**Task input**
↓

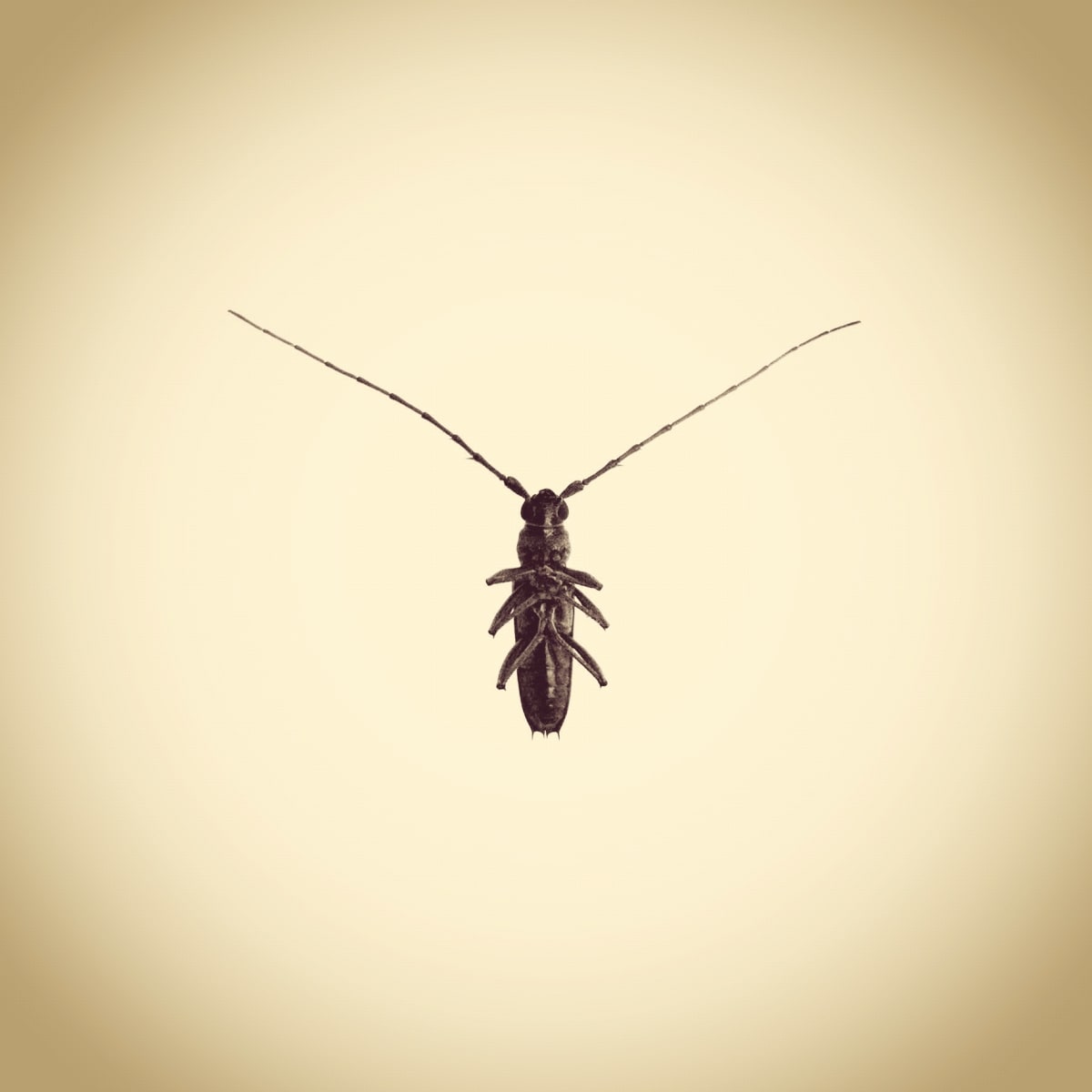 Long Horn Beetle, Family Cerambycidae, from the series Photographic Survey of the American Yard by Joshua White 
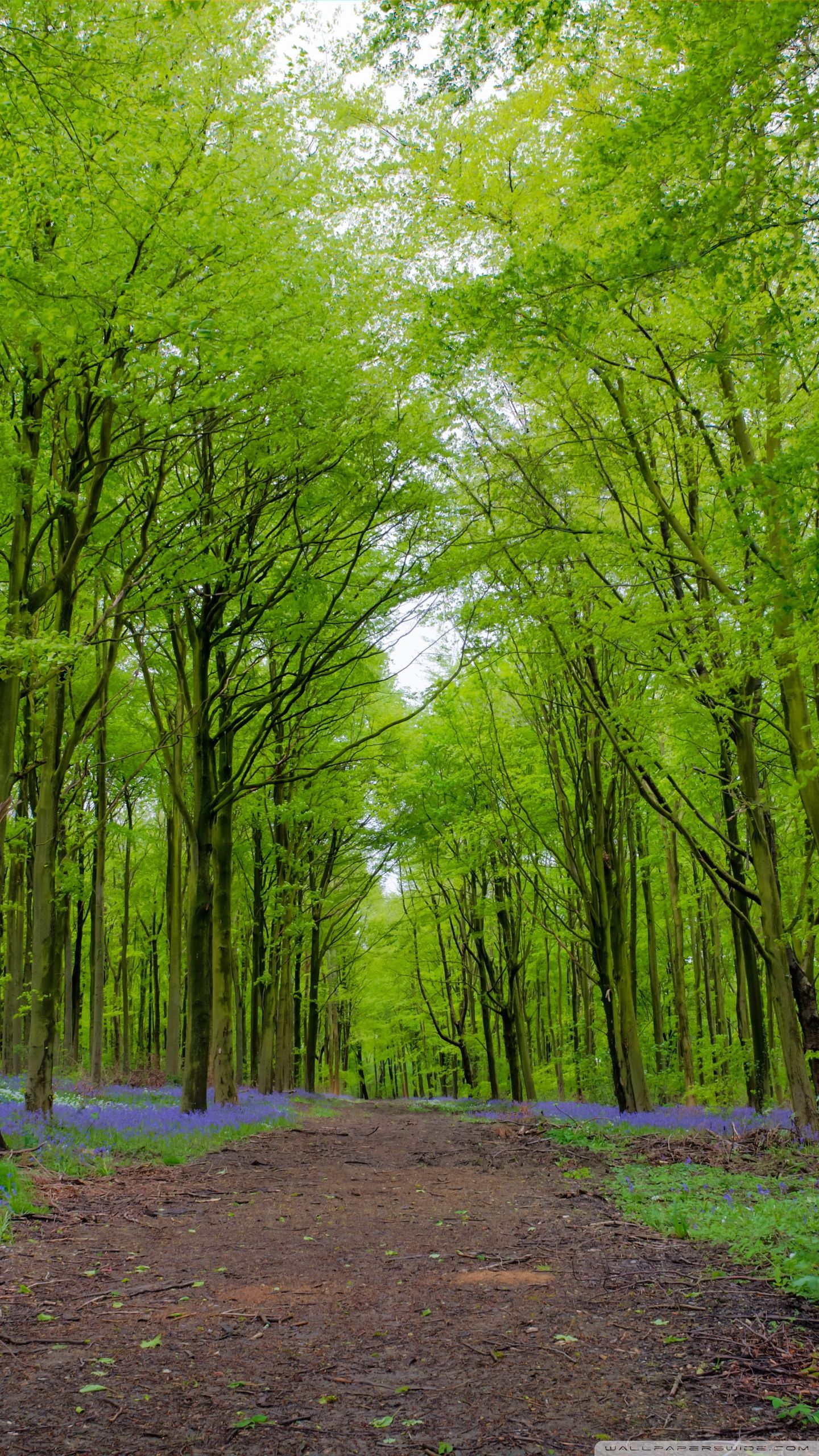 Forest, Green Trees, Spring Ultra HD Desktop Background Wallpaper for 4K UHD TV, Widescreen & UltraWide Desktop & Laptop, Multi Display, Dual Monitor, Tablet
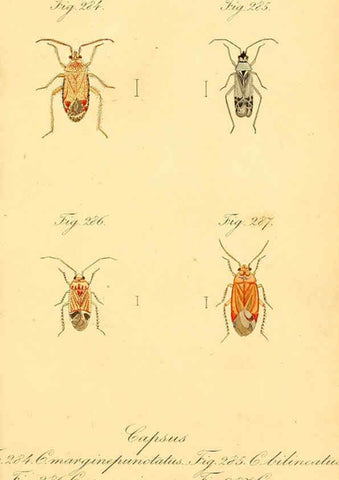 Reproducción/Reproduction 6096564534: Die wanzenartigen Insecten. plates 1-4. Nürnberg :In der C.H. Zeh'schen Buchhandlung,1831-1853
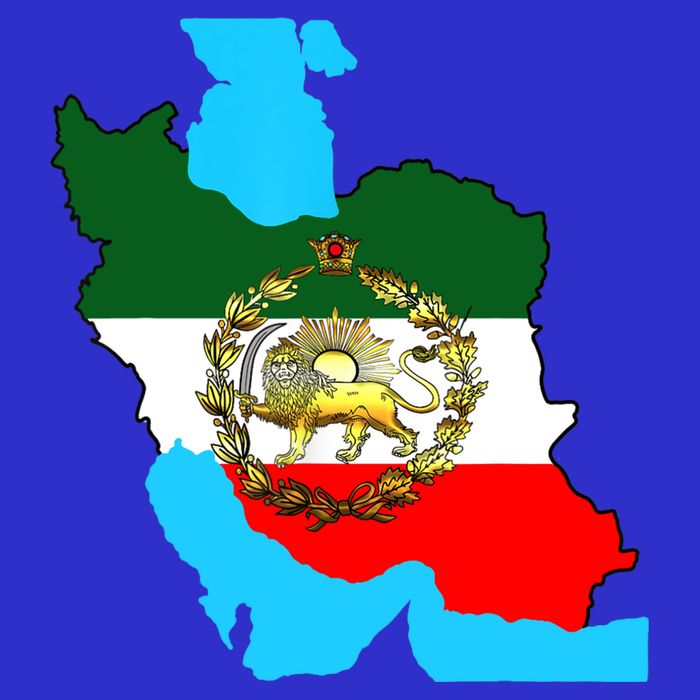 Iran Flag With A Golden Lion Tank Top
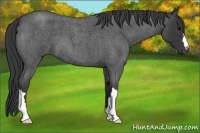 Horse Color:Blue Roan 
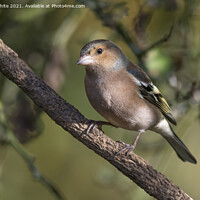 Buy canvas prints of Chaffinch male by Kevin White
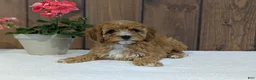 Cavapoo dogs for sale: Paisley  - Ad 5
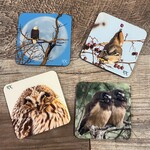 Kamala & Kyle Wildlife Photography - Coaster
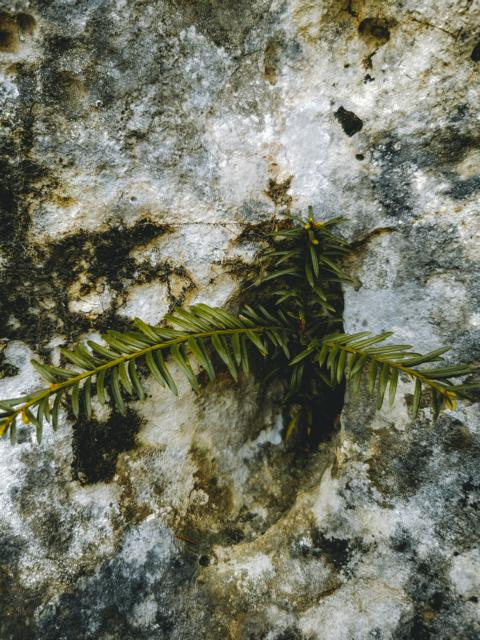 Grün welches aus dem Felsen wächst Altmühltal thealkamalsontheroad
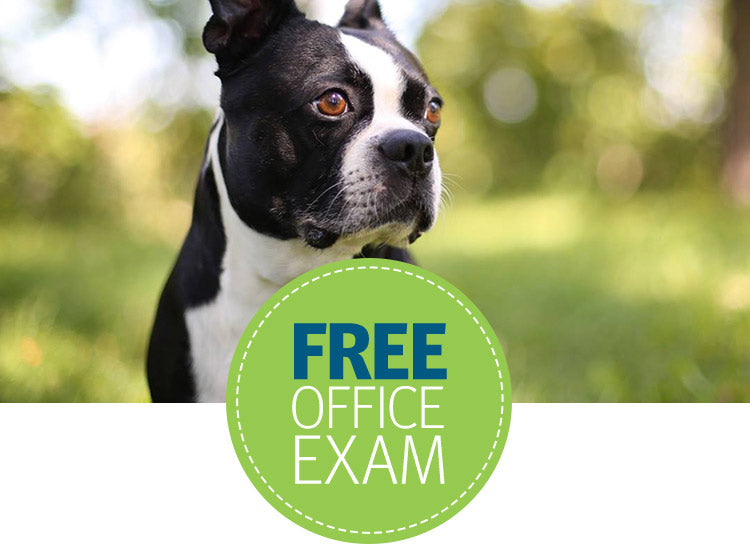 Thursday Freebies-Free Banfield Pet Hospital Office Visit & Consultation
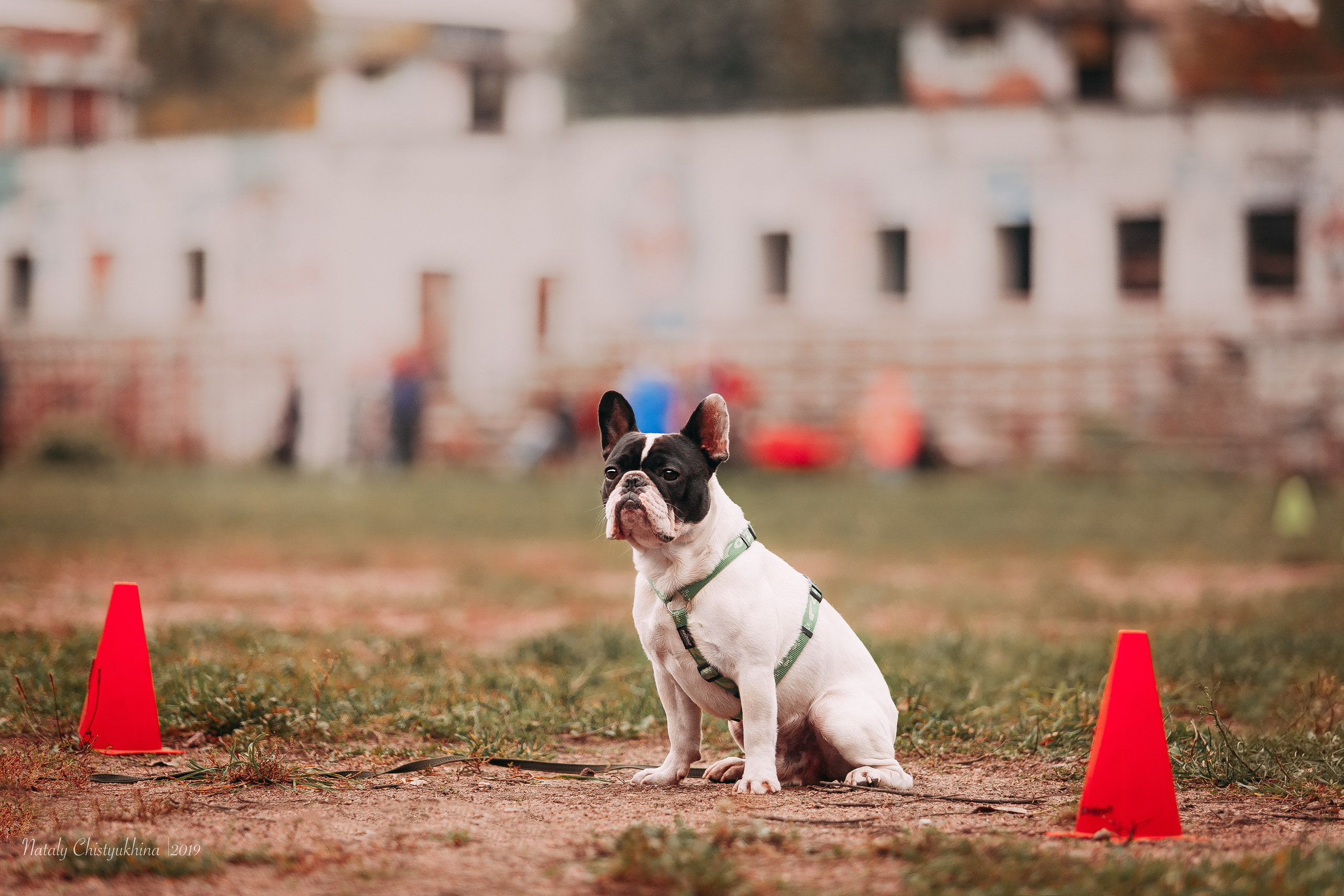 Соревнования «Петровская осень». Фотограф-анималист Наталия Чистюхина в г. Сосновый Бор и ЛО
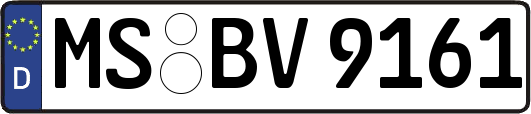MS-BV9161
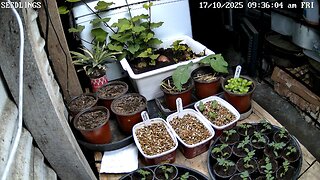 Seedling Timelapse Ending 26-11-2025
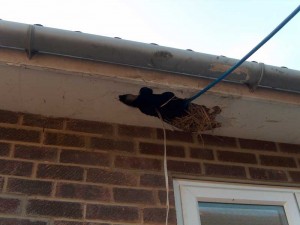 Asbestos insulation board used as a soffit to a 1970's residential property - deliberately broken to allow cables to be passed through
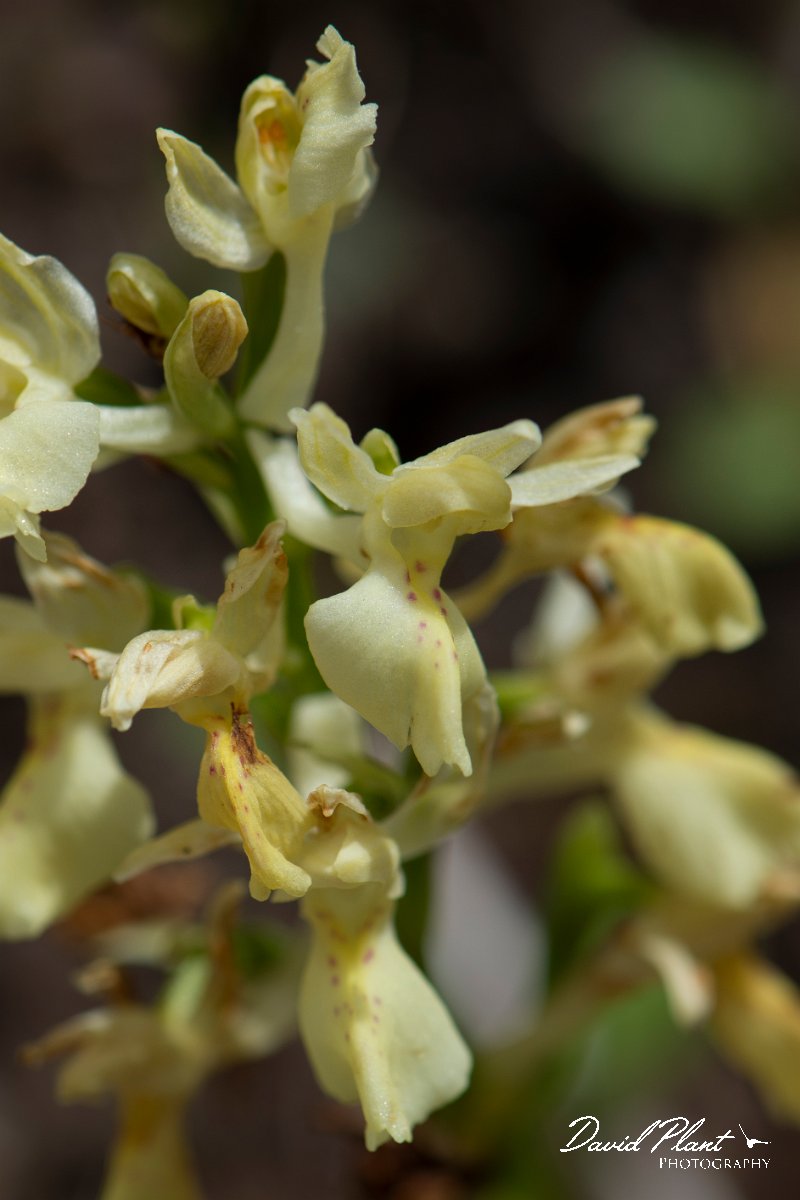 DPPhotography - Corsica - Elder-flowered orchid, Dactylorhiza sambucina - C.jpg - Dactylorhiza sambucina, Elder-flowered orchid - Verghello Valley, Corsica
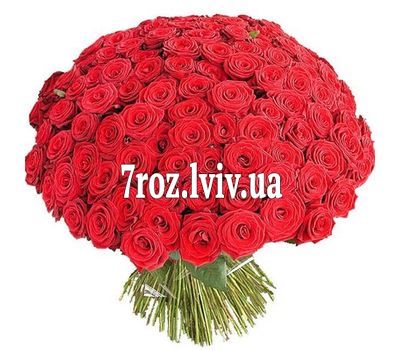Букет із 251 червоної троянди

↑

What is needed is an exact copy of all the records, minus any pictures.

**Solution**
 Long Horn Beetle, Family Cerambycidae, from the series Photographic Survey of the American Yard by Joshua White 
 Forest, Green Trees, Spring Ultra HD Desktop Background Wallpaper for 4K UHD TV, Widescreen & UltraWide Desktop & Laptop, Multi Display, Dual Monitor, Tablet
 Reproducción/Reproduction 6096564534: Die wanzenartigen Insecten. plates 1-4. Nürnberg :In der C.H. Zeh'schen Buchhandlung,1831-1853
 Iran Flag With A Golden Lion Tank Top
 Horse Color:Blue Roan 
 Buy canvas prints of Chaffinch male by Kevin White
 Cavapoo dogs for sale: Paisley  - Ad 5
 Kamala & Kyle Wildlife Photography - Coaster
 Grün welches aus dem Felsen wächst Altmühltal thealkamalsontheroad
 Thursday Freebies-Free Banfield Pet Hospital Office Visit & Consultation
 Соревнования «Петровская осень». Фотограф-анималист Наталия Чистюхина в г. Сосновый Бор и ЛО
MS-BV9161
 Seedling Timelapse Ending 26-11-2025
 Asbestos insulation board used as a soffit to a 1970's residential property - deliberately broken to allow cables to be passed through
 DPPhotography - Corsica - Elder-flowered orchid, Dactylorhiza sambucina - C.jpg - Dactylorhiza sambucina, Elder-flowered orchid - Verghello Valley, Corsica
Букет із 251 червоної троянди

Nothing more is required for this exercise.